Making sense of our connected world
Towards the Technological Pluriverse
Adriaan Odendaal & Karla Zavala Barreda ask how the design practice of digital technology needs to be fundamentally changed to create a more inclusive digital future. Using the recent board game project Algorithms of Late-Capitalism, they explore new ideas for creating a technological pluriverse in this article. For example, what would happen if we disbanded Silicon Valley start-ups and restructured them into community-based tech collectives?
AI-driven technologies are becoming increasingly complex (e.g. things like neural networks being innately black-boxed). This is creating an ever-widening rift between the technicians who design and develop these technologies and the communities in which these technologies are eventually deployed and operationalized. Yet the abstract algorithms and data structures comprising such software have a material relation to – and impact on – the lives of those who knowingly or unknowingly come into contact with them.
As Rob Kitchin writes, “[algorithms] shape how we understand the world and they do work in and make the world through their execution as software, with profound consequences” (2017). If AI and other algorithmic technologies have a material impact on our lives, shouldn’t we as end-users and members of the public have more stake in how these technologies are designed, developed, and eventually deployed in the public sphere and in our communities?
A board game to imagine a more inclusive technological future
In our recent Algorithms of Late-Capitalism board game project we developed a game co-creation process that unfolds over a series of interlinked public workshops. The theme of the game centers on haywire algorithmic and AI technologies taken to an absurd futuristic extreme following a prevailing capitalist logic of technocratic control.
The true heart of the project, however, is the co-creation method through which the game is being developed. The rationale behind employing this method of communal and relational design is that we wanted to develop the game in a way that reflects our vision for how we can create a more inclusive, representative, and diversified digital future. In as much as the game development process is able to, we want it to reflect a shift towards a technological pluriverse.
A new anti-universalist design approach for digital technologies
We borrow the term ‘pluriverse’ from Arturo Escobar who writes on the topic of design. “In designing tools (objects, structures, policies, expert systems, discourses, even narratives),” says Escobar, “we are creating ways of being” (Escobar, 2018). When you take this into account we can start to redefine design questions, problems, and practices in ways that are more appropriate for different cultures, communities, and lived experiences.
Escobar highlights the need to move away from the functionalist universalist design practices born out of capitalist modernity, towards practices that allow multiple possible worlds, communities, and perspectives to be included in design practices.
We believe that the same ideas should be applied to the design of digital technologies such as AI. The design of these technologies should be a bottom-up process – instead of a top-down process in which start-up founders and technicians impose universalist visions of technology onto the lives of diverse publics around the world.

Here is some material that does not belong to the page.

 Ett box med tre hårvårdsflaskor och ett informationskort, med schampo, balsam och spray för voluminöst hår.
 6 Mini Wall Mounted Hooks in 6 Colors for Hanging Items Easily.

Can tech companies restructure themselves into tech collectives?
What would happen if such pluriverse design practices were adopted by tech companies? Would we even have tech companies as we now think of them (following the Silicon Valley ideology ‘move fast and break things’)? Would they invariably restructure into tech collectives? Or could we imagine start-ups adopting Research & Development (R&D) methods similar to Participatory Action Research in which ‘research subjects’ become involved as active and empowered co-researchers?

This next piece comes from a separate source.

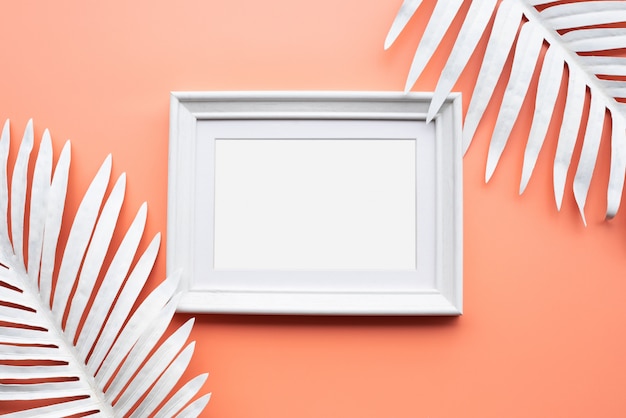 Picture frame with white tropical leaf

The inclusion of non-experts or non-technicians in the design, development, and deployment of AI and other digital technologies can be extremely impactful and positive. But in order for this vision of a technological pluriverse to work, we first have to truly realize that these technologies are not merely technical. They are as much cultural, social, and material as any other designed object inhabiting our modern lives.
References:
Kitchin, R. (2017). “Thinking critically about and researching algorithms”, in Information, Communication & Society, 20(1). Available: http://www.futuredata.io.s3-website-us-west-2.amazonaws.com/classes/cs345s/handouts/kitchin.pdf
Escobar, A. (2018). Designs for the Pluriverse: Radical Interdependence, Autonomy, and the Making of Worlds. Duke University Press: London.
About the authors:
Adriaan Odendaal is a multimedia designer and web-developer whose work revolves around algorithmic literacy, critical and speculative design, digital culture as well as game/software studies. He has a master’s degree in Media Arts Cultures and currently works as a content writer, designer, and web developer for Volume podcasting network.
Karla Zavala Barreda is a researcher, designer and digital project manager, who works at the intersection of software, design, and education. She has a master’s degree in Media Arts Cultures and currently is a PhD candidate in Media Studies at the University of Amsterdam, where she does research on apps ecology and learning software aimed at young children.
Together, they have co-founded the research and design studio internet teapot, a collaboration that focuses on speculative and critical design projects and research, stemming from shared interests in digital culture, critical theory, and the belief that design can be used in a socially transformative way. Karla and Adriaan took part in the Edit-a-thon on Intersectional approaches to AI hosted by HIIG’s AI & Society Lab.
This post represents the view of the author and does not necessarily represent the view of the institute itself. For more information about the topics of these articles and associated research projects, please contact info@hiig.de.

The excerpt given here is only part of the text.